No DX12 Software is Suitable for Benchmarking *spawn*

As you stated async is disabled on a driver level for maxwell so yeah there won't be a change in performance for their cards.....
Not so fast with that statement. We have now had multiple examples where the performance on Maxwell with asynchronous scheduling on/off ranged both from taking a significant hit to not only measurable but also noticeable gains. The differences in the resulting schedule (compared to the hand tuned sequential order) - even if it was just the software scheduler filling in for parallel execution - can apparently make a significant difference.
 
We have now had multiple examples where the performance on Maxwell with asynchronous scheduling on/off ranged both from taking a significant hit to not only measurable but also noticeable gains.
I somehow must have missed those. Where have we seen that?
 
I somehow must have missed those. Where have we seen that?
Maybe it's just my memory playing tricks on me, but wasn't it the Fable Legends demo where both vendors claimed at least measurable performance boost from using the compute queue? I'm unable to find/recall the source right now, and I'm sure it couldn't be tested with the shipped preview version as it didn't had a toggle option any more.

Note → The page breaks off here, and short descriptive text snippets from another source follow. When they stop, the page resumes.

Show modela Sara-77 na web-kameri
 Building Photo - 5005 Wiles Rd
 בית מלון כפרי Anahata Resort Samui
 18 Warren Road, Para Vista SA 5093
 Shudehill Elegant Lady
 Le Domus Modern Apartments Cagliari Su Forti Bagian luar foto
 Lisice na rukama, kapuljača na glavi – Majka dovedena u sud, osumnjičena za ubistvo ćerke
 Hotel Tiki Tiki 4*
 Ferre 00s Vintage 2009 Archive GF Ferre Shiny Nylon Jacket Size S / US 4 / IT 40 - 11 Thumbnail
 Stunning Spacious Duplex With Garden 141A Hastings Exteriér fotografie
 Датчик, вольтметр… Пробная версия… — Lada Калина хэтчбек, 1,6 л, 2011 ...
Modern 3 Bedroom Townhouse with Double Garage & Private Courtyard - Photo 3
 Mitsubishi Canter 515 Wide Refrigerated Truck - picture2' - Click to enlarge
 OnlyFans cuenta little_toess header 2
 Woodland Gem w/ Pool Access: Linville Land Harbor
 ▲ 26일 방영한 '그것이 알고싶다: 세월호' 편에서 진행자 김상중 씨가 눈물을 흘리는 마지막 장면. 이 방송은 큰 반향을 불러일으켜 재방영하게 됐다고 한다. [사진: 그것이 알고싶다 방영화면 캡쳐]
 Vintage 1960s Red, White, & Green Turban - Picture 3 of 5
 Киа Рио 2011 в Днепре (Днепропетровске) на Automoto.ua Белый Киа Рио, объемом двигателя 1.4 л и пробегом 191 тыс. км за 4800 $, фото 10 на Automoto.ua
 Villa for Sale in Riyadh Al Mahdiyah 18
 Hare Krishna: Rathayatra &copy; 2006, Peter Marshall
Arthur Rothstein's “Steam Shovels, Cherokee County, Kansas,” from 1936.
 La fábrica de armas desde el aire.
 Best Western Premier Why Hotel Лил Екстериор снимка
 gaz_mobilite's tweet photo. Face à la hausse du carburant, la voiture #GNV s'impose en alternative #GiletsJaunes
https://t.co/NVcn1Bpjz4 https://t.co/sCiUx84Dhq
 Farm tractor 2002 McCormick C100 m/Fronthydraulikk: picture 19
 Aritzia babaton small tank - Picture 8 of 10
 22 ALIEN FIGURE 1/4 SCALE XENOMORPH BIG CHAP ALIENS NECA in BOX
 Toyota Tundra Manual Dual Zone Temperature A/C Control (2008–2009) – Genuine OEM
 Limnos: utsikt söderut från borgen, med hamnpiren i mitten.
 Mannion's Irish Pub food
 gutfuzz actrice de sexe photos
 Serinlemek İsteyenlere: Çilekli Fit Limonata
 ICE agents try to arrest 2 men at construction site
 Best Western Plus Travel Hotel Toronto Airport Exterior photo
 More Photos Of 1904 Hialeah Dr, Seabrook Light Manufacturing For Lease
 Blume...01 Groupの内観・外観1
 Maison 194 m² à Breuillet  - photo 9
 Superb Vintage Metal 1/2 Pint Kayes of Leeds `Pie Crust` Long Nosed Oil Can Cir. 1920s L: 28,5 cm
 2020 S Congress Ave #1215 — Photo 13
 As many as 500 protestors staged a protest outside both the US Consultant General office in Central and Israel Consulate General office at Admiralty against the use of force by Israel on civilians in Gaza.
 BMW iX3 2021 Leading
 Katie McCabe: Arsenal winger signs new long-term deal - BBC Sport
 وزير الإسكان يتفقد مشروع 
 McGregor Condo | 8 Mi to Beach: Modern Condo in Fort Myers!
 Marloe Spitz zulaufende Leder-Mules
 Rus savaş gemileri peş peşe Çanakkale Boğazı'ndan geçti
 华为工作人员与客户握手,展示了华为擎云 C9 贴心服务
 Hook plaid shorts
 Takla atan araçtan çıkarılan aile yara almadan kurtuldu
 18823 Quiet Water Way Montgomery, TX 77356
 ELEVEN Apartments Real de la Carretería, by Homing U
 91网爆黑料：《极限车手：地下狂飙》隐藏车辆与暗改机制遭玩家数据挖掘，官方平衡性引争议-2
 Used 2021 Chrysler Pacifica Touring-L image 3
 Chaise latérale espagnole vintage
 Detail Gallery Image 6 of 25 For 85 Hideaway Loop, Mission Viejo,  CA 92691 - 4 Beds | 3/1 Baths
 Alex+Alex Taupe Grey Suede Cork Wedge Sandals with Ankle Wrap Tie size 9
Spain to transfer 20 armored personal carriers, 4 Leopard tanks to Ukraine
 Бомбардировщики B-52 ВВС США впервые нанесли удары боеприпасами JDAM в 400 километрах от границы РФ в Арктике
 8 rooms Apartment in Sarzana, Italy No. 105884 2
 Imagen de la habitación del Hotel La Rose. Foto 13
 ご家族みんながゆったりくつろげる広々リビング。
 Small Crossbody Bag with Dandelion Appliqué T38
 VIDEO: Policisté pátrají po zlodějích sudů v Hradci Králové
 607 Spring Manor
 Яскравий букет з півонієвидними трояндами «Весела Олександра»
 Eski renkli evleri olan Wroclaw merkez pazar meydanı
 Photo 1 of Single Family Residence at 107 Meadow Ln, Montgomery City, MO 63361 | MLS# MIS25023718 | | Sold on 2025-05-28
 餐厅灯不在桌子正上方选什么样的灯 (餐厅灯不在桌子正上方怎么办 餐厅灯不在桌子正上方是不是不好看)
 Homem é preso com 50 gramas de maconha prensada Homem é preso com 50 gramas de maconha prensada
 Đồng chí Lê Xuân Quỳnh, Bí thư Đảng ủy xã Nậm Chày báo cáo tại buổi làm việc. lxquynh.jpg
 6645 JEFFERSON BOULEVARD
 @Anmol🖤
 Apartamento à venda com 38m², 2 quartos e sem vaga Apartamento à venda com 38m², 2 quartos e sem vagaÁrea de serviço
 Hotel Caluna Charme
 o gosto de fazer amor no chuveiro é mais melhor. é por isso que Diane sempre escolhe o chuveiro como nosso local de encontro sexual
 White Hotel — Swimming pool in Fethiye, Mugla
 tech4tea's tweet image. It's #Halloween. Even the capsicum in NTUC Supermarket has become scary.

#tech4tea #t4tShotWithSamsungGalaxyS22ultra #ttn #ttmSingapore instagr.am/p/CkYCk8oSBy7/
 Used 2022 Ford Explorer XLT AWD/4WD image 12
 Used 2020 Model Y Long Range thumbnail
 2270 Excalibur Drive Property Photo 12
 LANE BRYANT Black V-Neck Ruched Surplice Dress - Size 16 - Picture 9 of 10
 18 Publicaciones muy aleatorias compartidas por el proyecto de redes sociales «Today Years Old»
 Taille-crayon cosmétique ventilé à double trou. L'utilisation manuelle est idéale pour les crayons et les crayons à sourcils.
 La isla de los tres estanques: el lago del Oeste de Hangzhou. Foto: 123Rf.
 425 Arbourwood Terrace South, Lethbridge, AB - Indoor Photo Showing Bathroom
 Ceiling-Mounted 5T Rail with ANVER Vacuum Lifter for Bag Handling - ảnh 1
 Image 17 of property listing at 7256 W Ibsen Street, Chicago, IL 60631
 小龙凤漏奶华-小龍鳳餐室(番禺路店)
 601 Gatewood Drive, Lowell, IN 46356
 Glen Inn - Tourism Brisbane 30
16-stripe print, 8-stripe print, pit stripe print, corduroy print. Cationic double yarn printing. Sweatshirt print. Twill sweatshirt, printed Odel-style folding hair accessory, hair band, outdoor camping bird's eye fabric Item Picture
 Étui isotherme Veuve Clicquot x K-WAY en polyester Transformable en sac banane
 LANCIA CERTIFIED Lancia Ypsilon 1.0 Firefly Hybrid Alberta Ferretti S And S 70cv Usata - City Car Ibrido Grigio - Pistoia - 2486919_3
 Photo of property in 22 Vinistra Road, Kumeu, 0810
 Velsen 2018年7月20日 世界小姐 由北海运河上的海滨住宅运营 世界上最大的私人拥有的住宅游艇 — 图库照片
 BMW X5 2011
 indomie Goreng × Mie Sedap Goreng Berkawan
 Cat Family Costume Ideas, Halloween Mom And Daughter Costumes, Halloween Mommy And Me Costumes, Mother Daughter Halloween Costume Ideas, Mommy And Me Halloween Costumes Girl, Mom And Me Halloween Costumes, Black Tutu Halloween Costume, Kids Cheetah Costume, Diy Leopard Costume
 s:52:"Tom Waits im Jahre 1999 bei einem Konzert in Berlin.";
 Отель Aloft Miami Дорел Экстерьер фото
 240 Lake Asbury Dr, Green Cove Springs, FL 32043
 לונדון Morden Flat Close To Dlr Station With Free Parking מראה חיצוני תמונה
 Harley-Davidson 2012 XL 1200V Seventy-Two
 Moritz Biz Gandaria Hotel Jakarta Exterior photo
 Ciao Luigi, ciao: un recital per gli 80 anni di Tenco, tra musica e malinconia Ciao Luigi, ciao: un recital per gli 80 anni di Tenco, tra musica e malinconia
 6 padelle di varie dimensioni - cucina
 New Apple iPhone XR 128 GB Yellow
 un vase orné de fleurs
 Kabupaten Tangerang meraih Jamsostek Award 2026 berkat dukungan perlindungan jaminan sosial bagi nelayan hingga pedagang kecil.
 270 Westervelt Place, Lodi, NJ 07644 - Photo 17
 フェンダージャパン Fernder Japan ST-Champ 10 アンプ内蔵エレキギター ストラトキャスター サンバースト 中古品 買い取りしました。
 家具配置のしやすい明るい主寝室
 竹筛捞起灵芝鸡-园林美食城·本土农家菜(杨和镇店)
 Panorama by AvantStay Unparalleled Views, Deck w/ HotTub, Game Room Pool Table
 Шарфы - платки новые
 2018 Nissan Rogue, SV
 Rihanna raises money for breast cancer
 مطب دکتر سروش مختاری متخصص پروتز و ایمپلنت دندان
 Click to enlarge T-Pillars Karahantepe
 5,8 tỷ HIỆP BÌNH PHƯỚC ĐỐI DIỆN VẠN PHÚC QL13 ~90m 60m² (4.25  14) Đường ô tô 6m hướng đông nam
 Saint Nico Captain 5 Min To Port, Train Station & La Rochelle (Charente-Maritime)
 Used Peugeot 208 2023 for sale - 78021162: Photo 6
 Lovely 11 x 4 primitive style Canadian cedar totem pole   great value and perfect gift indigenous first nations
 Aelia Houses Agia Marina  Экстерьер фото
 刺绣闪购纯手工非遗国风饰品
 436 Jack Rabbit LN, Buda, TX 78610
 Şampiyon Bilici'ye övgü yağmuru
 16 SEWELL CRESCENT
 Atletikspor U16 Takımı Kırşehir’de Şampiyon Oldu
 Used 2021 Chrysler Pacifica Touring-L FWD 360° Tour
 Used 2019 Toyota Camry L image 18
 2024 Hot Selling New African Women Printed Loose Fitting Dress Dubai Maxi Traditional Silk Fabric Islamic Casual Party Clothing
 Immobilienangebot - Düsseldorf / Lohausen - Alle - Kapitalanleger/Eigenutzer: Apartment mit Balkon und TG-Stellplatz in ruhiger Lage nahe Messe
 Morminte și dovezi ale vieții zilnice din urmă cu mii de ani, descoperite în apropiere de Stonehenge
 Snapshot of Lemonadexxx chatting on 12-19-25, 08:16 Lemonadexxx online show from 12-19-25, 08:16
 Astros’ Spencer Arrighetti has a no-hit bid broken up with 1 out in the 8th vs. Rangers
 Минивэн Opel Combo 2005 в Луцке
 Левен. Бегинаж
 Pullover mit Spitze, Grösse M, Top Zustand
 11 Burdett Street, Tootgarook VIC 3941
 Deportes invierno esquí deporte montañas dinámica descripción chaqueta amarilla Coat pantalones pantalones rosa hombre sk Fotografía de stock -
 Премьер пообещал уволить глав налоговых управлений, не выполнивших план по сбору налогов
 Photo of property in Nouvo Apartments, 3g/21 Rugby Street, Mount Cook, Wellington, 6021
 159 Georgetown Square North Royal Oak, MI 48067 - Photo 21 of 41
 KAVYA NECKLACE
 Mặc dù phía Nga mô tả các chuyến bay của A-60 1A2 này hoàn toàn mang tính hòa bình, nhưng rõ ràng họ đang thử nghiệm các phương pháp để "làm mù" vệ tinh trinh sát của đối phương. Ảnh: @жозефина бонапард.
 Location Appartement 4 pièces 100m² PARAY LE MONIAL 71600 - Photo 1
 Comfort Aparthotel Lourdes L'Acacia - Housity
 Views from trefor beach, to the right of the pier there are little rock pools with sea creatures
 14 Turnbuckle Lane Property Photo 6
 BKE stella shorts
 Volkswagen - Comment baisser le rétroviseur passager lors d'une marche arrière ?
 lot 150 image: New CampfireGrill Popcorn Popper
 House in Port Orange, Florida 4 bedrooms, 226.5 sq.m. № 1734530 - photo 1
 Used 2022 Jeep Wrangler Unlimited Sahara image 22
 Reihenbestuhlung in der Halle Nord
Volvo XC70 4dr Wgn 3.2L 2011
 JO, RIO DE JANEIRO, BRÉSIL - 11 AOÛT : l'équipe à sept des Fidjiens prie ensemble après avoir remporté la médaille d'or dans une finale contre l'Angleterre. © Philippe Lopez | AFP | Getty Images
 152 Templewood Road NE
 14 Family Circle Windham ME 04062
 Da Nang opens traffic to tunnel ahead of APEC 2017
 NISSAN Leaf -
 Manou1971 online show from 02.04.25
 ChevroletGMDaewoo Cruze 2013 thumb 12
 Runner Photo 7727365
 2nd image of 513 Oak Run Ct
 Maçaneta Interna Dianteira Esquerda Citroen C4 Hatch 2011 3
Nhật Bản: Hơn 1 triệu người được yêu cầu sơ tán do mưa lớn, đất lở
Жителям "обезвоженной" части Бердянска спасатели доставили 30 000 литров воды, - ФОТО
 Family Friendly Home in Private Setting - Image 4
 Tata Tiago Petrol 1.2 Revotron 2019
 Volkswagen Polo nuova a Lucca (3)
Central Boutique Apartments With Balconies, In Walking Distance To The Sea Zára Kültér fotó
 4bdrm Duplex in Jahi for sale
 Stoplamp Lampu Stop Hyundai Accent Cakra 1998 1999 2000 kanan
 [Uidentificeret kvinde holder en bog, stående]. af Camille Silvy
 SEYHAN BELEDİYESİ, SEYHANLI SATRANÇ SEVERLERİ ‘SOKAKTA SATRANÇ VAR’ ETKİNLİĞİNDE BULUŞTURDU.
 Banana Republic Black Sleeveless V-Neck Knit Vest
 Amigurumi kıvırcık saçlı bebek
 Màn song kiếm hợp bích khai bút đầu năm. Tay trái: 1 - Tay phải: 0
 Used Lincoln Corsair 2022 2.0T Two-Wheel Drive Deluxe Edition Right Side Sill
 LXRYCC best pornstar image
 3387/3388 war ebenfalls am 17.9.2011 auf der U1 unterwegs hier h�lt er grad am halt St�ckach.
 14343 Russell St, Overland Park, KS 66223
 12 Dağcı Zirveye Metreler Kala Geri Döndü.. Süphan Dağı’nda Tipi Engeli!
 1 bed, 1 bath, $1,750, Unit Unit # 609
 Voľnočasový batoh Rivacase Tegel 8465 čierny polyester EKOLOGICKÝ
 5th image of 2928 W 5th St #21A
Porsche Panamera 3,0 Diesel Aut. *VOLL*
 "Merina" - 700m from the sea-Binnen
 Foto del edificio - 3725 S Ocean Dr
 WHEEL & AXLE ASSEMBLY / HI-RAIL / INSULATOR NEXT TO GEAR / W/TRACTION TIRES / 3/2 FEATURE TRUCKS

Well, better ignore that edge case then. If it really was true, it would have indicated a lack of optimization on the single queue schedule anyway.
 
I'm saying I haven't seen anything in either direction. Neither a hit neither a boost with regard to async compute on Maxwell.
 
Oh, taking a hit? Take the whole AotS thing for example.
It's mostly straightened out by now (only still replicable with older Windows 10 builds), the GTX 970 for example doesn't take a hit at all any more, the GTX 980Ti on contrary still does.

And that did happen despite confirming that the command lists themselves where mostly identical, except for being submitted to different queues.
 
No, not really. AotS isn't an example. Taking a hit from switching from DX11 to DX12 can in no way whatsoever mean that "async compute" is the culprit.
All we have from AotS:
- there were supposedly some performance problems on Maxwell and it got disabled for NVidia on their request.
- last post from Kollock indicates async path is still forcibly disabled on NVidia. Which puts Pascal shit out of luck.
 
No, not really. AotS isn't an example. Taking a hit from switching from DX11 to DX12 can in no way whatsoever mean that "async compute" is the culprit.
All we have from AotS:
- there were supposedly some performance problems on Maxwell and it got disabled for NVidia on their request.
- last post from Kollock indicates async path is still forcibly disabled on NVidia. Which puts Pascal shit out of luck.
That was 5 months ago that he posted that. As far as I know, it has been reenabled since (long before Pascal launch), meaning the application is using the compute queue again per default.
Whether the driver is natively supporting async compute is entirely unrelated, but it does influence how the DX12 run time environment behaves.

I'm actually talking about solely toggling the use of the compute queue in the application - not switching between DX11 and DX12.
One person I'm in contact with has recently tested specifically the 970 and 980 Ti with regard to the performance when solely toggling the compute queue usage in AotS, and found that the 970 no longer showed any measurable performance penalty, while the 980 Ti still did.

PS: Getting to the root cause of these performance problems is part of the exercise. Because they should never have occurred when the only difference is using a software scheduler at runtime, instead of submitting the command lists in a fixed order right away. It means either the scheduler itself is too slow, or it has made a bad decision at some point - one which the developer avoided when concepting the static schedule.
 
As far as I know, it has been reenabled since (long before Pascal launch), meaning the application is using the compute queue again per default.

Not according to this:

DX12 Performance Discussion And Analysis Thread

Just checked with Dan Baker. Async is still functionally disabled on Ashes when it detects an NVIDIA card, including the GTX 1080 (since they don't have one to test against yet).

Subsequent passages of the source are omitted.